Menurut HNW, praktik beragama seperti ini merupakan tradisi yang telah dicontohkan oleh para founding fathers bangsa Indonesia sejak dulu. Dalam konteks sejarah, setidaknya ada banyak ajaran Islam dan peristiwa penting di dalam Islam yang melekat dalam sejarah bangsa Indonesia.
“Karena proklamasi Kemerdekaan bangsa dan negara Indonesia itu ternyata juga dikumandangkan pada tanggal 9 Ramadhan 1364 Hijriah,” tuturnya.
“Itu penting dimaknai bahwa dengan Ramadhan, maka umat Islam dan bangsa Indonesia diingatkan peran menyejarah dan konstruktif umat Islam dalam menghadirkan dan menjaga Indonesia Merdeka, agar generasi sekarang tidak buta sejarah, dan terjebak pada Islamofobia maupun Indonesiafobia,” tambahnya.
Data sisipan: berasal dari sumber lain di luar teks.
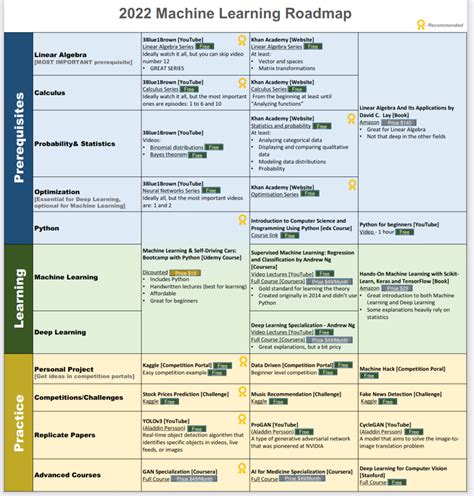 Machine Learning And Self-Driving Cars - Data Science | Artificial ...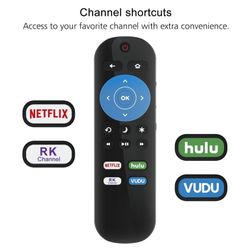 2 Remote Control fit for Hisense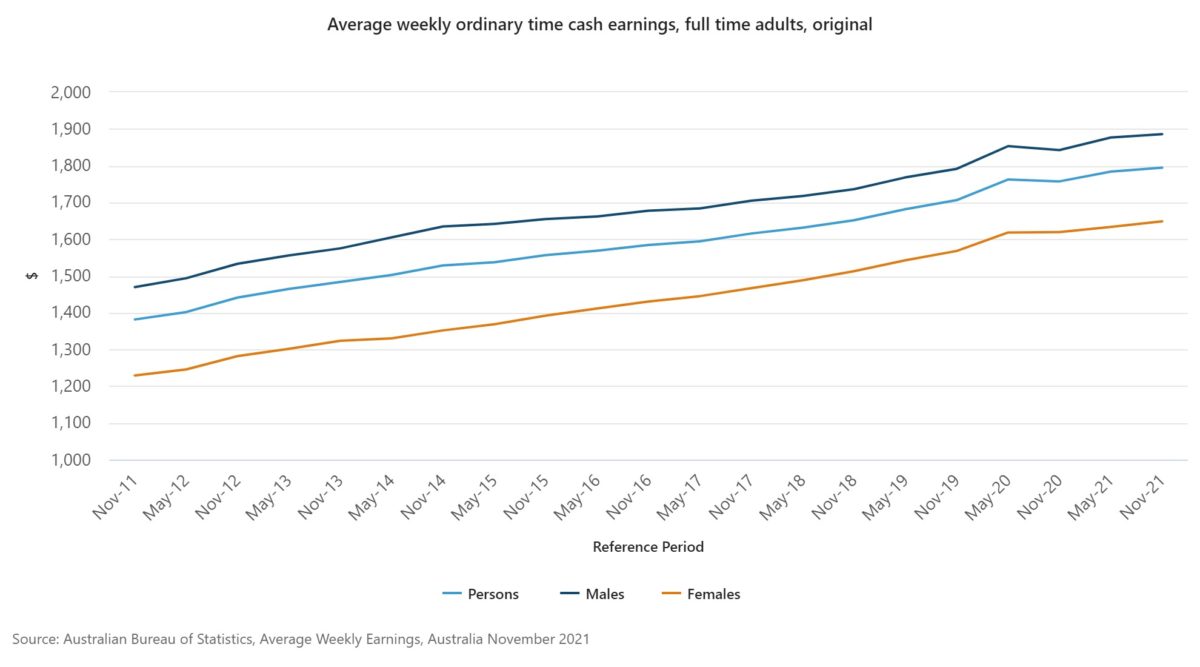Average Aussie salary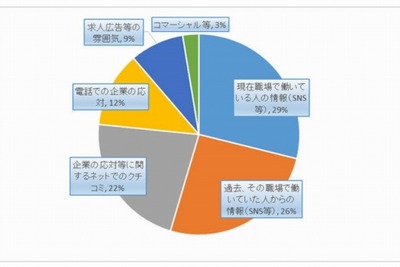 企業イメージに影響を与えるのは「実際に働く人のSNS書き込み」 画像
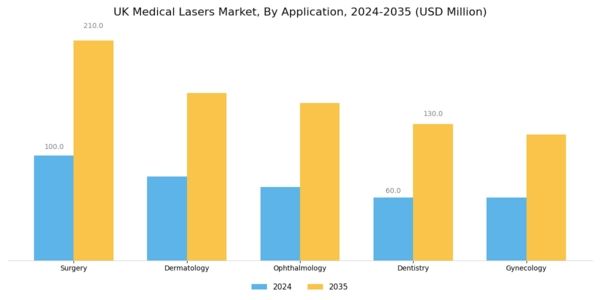 UK Medical Lasers Market Segment Image 0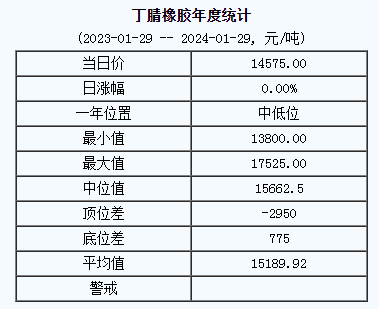 丁腈橡膠基準(zhǔn)價(jià)14575.00元/噸（20240129）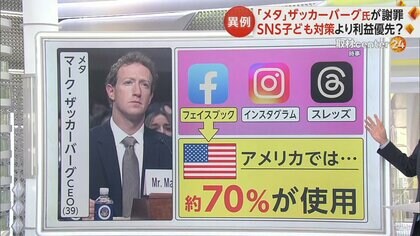 マーク・ザッカーバーグ 名刺 フェイスブック インスタ メタ 会長 兼 CEO フェイスブックの初期の頃、マーク・ザッカーバーグの名刺は「私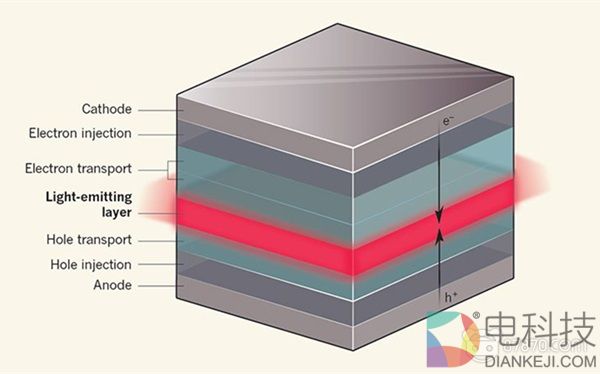 OLED新突破，将能够让VR一体机拥有更长的续航时间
HNW menegaskan bahwa pengalaman ibadah dan kegiatan sosial selama sebulan di bulan Ramadhan ini seharusnya bisa menunjukan bahwa Islam benar-benar agama praksis yang rahmatan lil alamin (rahmat untuk seluruh alam), sehingga dapat menjadi bekal untuk memajukan kehidupan Umat dan bangsa di bulan-bulan berikutnya, sehingga bertemu kembali dengan Ramadhan di tahun depan.
“Itu akan semakin bisa dilaksanakan dengan kerja sama yang baik antara seluruh komponen umat dan bangsa, baik yang di organisasi kemasyarakat Islam dan organisasi politik Islam maupun yang ada di parlemen,” jelasnya.